**Data provided**
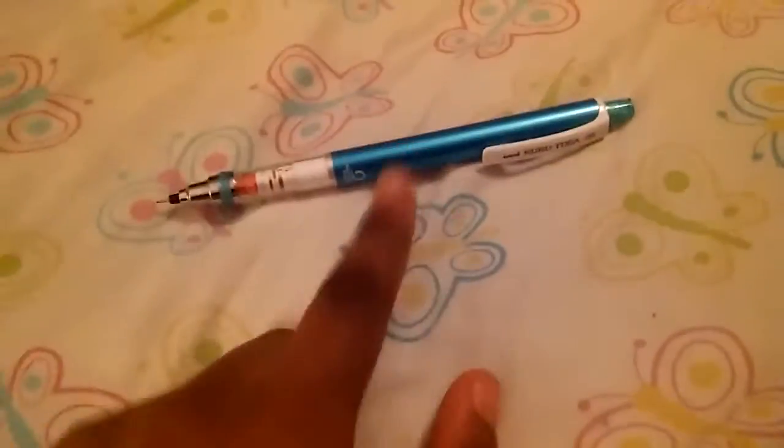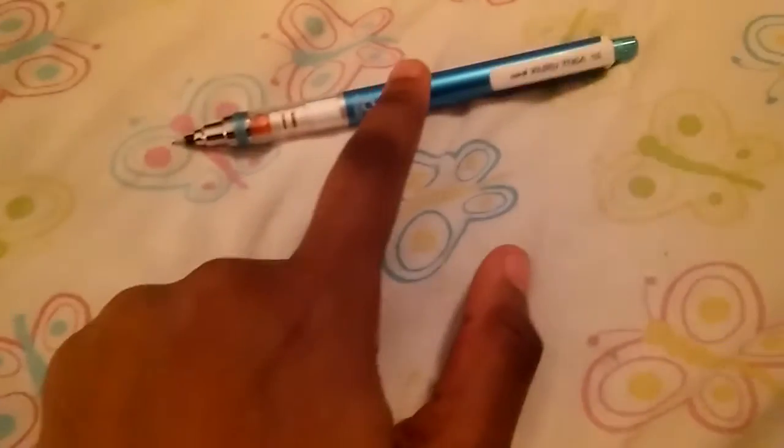Okay, we're back with the Uni Kurutoga. I'm going to talk about this wonderfully made, beautiful pencil right here. It's very, very nice looking. I think this is sky blue — at least that's what I call it — a kind of light blue. I love the little glaze on it. This is a very popular pencil that you see a lot of people at school have.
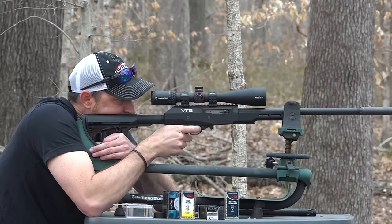The 17 HMR does group quite a bit better than the 22 Magnum in my opinion. I've shot as low as a half-inch group at 100 yards with this rifle - let's see if I can do it on camera today. It's not going to be dead center of bullseye but it'll be close. I love my Caldwell Lead Sled - I know you guys give me a hard time about using it for rimfire, but it's what I'm used to.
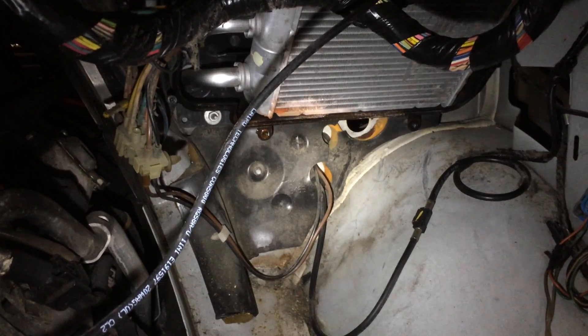The auxiliary cooler back there is still good — auxiliary heater rather. There's the leaking heater core, that's what I was going after.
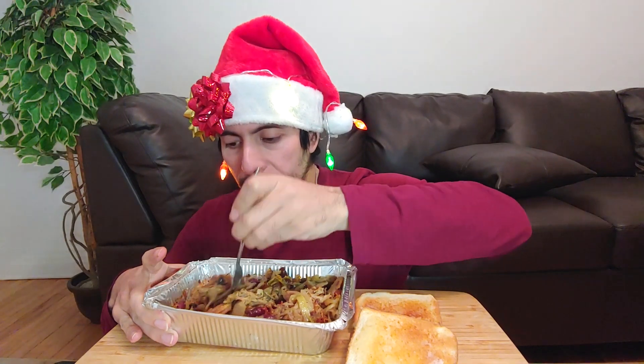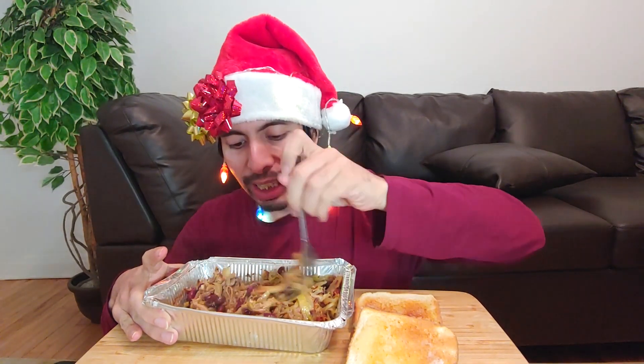There's some onions, some cabbage, beans, carrots. There's tomatoes too, and it looks like cauliflower. There's a little patch there.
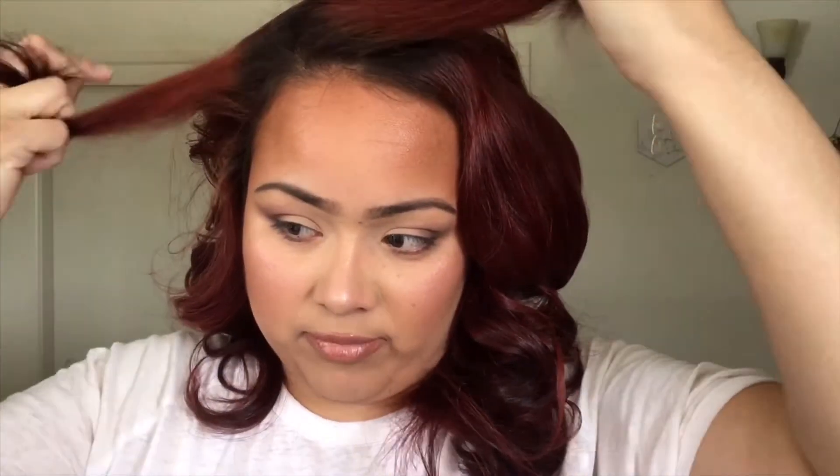At the very last part, where you are placing your part, I want to part my hair like this.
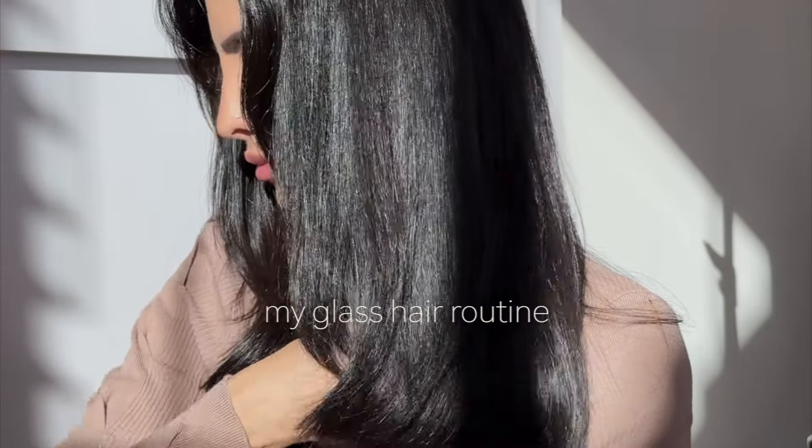This is my glossy hair routine — more like glass-like hair. This is how I get glass-like hair, and these products I have in my routine are my go-to hero products. I can't wait to share them. I'm starting off with my Urban Method because I need that clean caffeine energy.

**Exercise objective**
With the pictures left out, restate word for word every line of the data above, from the first down to the line that contains "The 17 HMR does".

**Answer box**
Okay, we're back with the Uni Kurutoga. I'm going to talk about this wonderfully made, beautiful pencil right here. It's very, very nice looking. I think this is sky blue — at least that's what I call it — a kind of light blue. I love the little glaze on it. This is a very popular pencil that you see a lot of people at school have.
The 17 HMR does group quite a bit better than the 22 Magnum in my opinion. I've shot as low as a half-inch group at 100 yards with this rifle - let's see if I can do it on camera today. It's not going to be dead center of bullseye but it'll be close. I love my Caldwell Lead Sled - I know you guys give me a hard time about using it for rimfire, but it's what I'm used to.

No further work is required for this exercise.